START DATA FOR PROCESSING
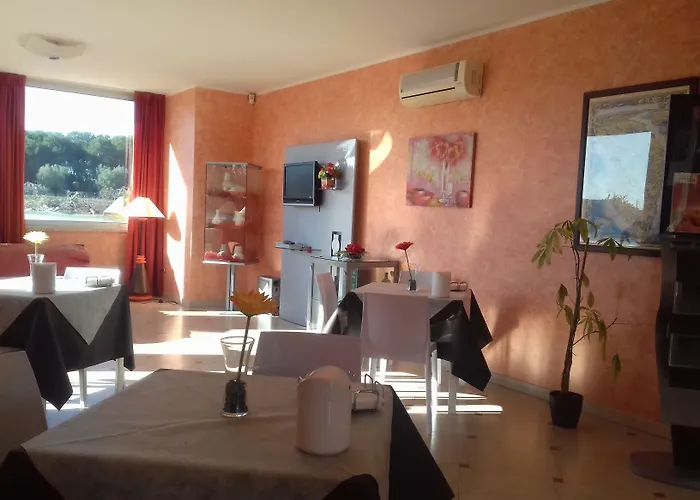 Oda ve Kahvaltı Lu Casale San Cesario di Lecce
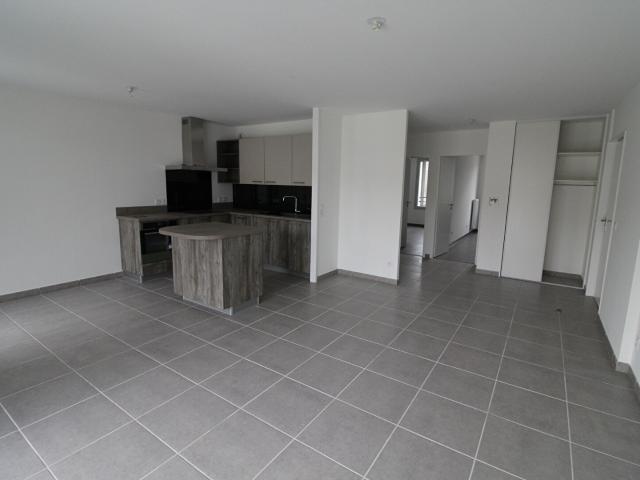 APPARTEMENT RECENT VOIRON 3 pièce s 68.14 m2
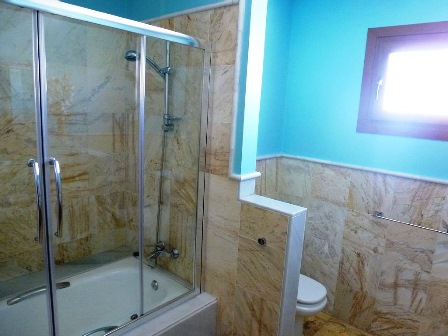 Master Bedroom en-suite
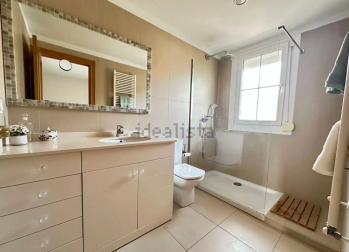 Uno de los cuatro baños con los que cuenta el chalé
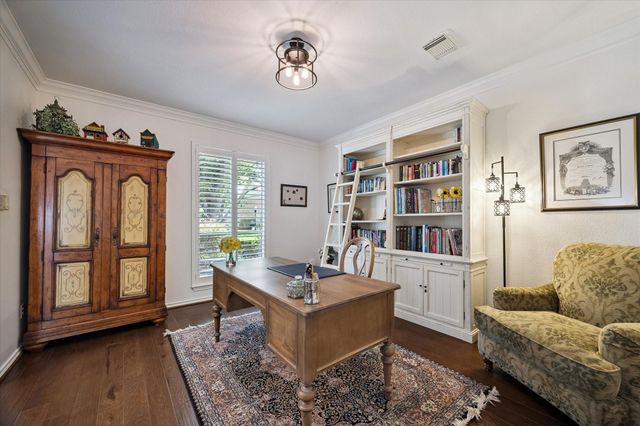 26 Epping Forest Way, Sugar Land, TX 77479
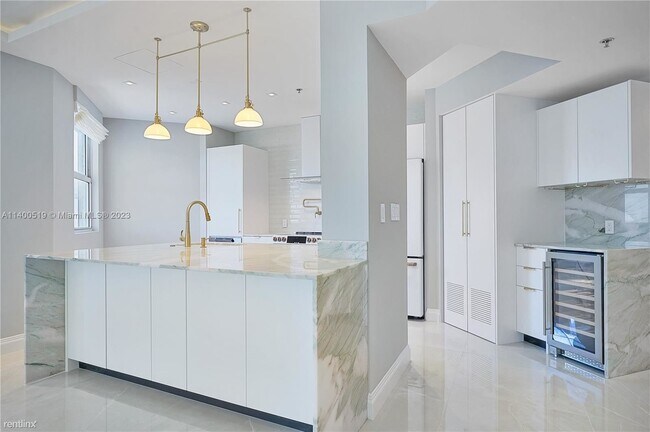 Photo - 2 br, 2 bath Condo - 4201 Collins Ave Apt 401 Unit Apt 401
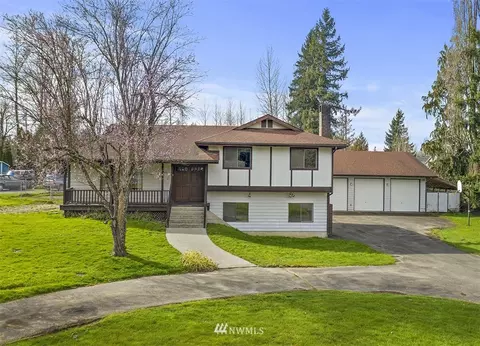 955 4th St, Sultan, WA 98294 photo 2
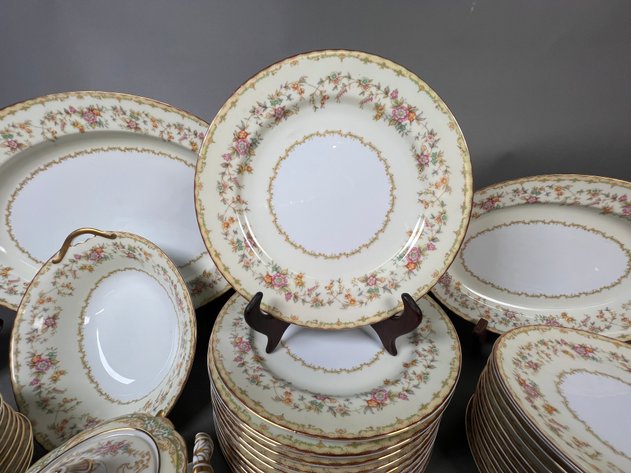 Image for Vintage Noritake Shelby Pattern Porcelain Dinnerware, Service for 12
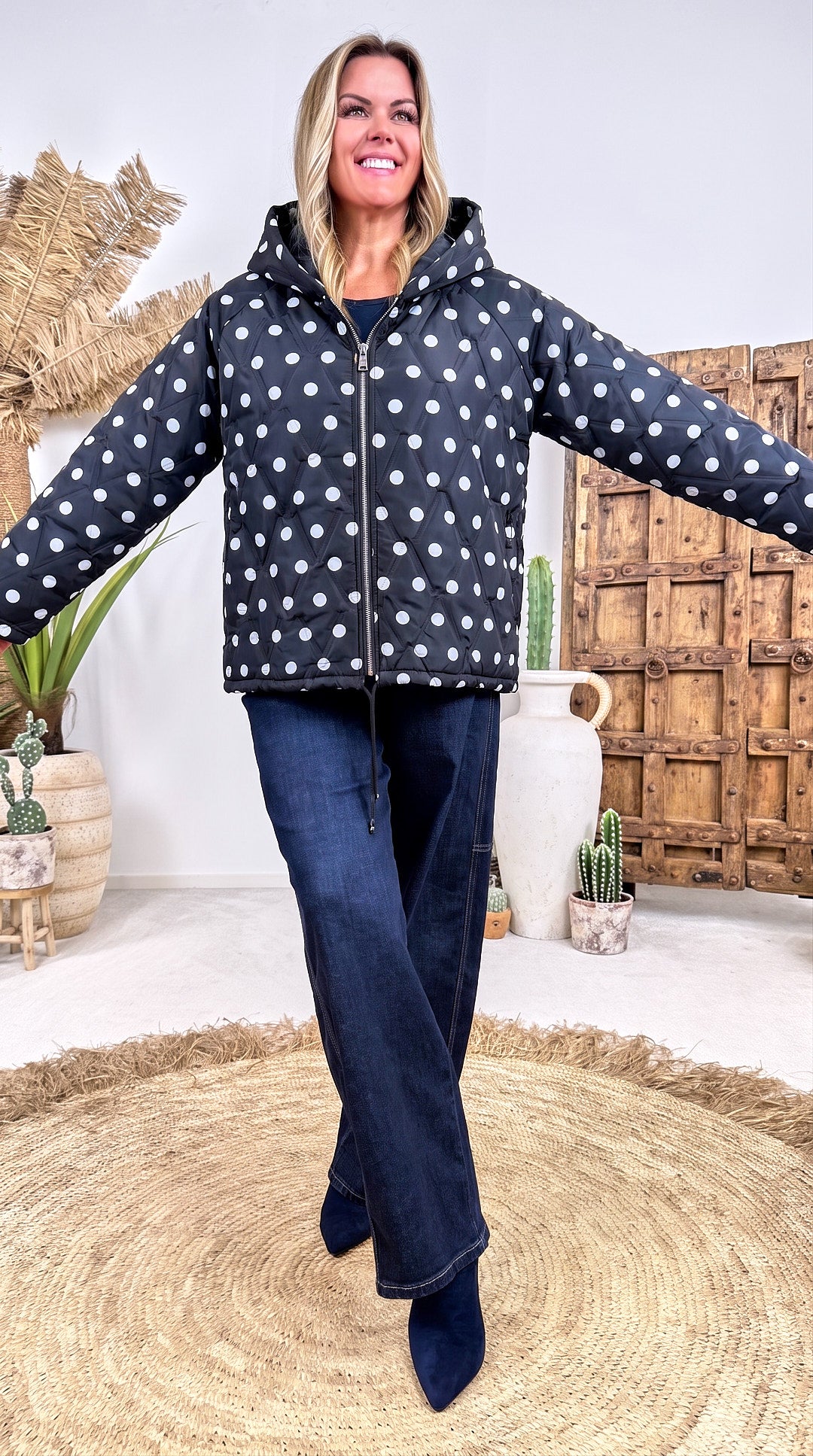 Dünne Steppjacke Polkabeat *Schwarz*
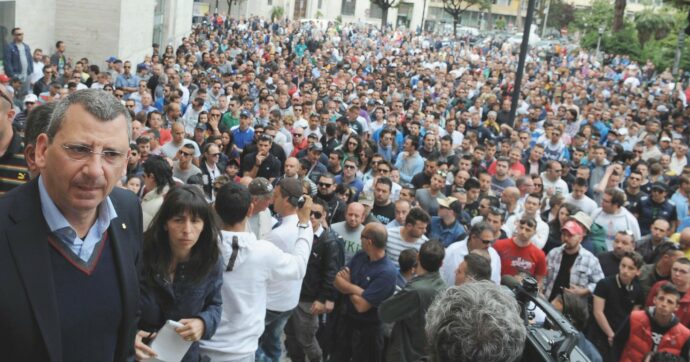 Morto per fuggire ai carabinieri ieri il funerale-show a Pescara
END DATA FOR PROCESSING
__REQUIRED ACTION__. Give every line of the listing above again, exactly, with no images.

__TASK RESPONSE__.
 Oda ve Kahvaltı Lu Casale San Cesario di Lecce
 APPARTEMENT RECENT VOIRON 3 pièce s 68.14 m2
 Master Bedroom en-suite
 Uno de los cuatro baños con los que cuenta el chalé
 26 Epping Forest Way, Sugar Land, TX 77479
 Photo - 2 br, 2 bath Condo - 4201 Collins Ave Apt 401 Unit Apt 401
 955 4th St, Sultan, WA 98294 photo 2
 Image for Vintage Noritake Shelby Pattern Porcelain Dinnerware, Service for 12
 Dünne Steppjacke Polkabeat *Schwarz*
 Morto per fuggire ai carabinieri ieri il funerale-show a Pescara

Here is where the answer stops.